• _THE RECORDS_:
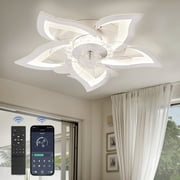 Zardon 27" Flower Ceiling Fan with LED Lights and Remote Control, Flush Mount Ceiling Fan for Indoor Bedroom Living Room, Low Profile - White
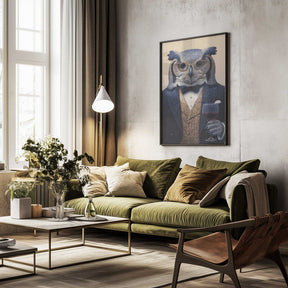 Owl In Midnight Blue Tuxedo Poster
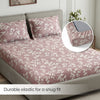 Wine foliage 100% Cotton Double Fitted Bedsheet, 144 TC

* * *

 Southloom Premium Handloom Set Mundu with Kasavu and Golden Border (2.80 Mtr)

• _TASK TO COMPLETE_: Above are the records; copy exactly the lines from the one with "Profile - White" through the one with "Wine foliage 100%", including both, and nothing more. Leave out pictures.

• _PROBLEM SOLUTION_:
 Zardon 27" Flower Ceiling Fan with LED Lights and Remote Control, Flush Mount Ceiling Fan for Indoor Bedroom Living Room, Low Profile - White
 Owl In Midnight Blue Tuxedo Poster
 Wine foliage 100% Cotton Double Fitted Bedsheet, 144 TC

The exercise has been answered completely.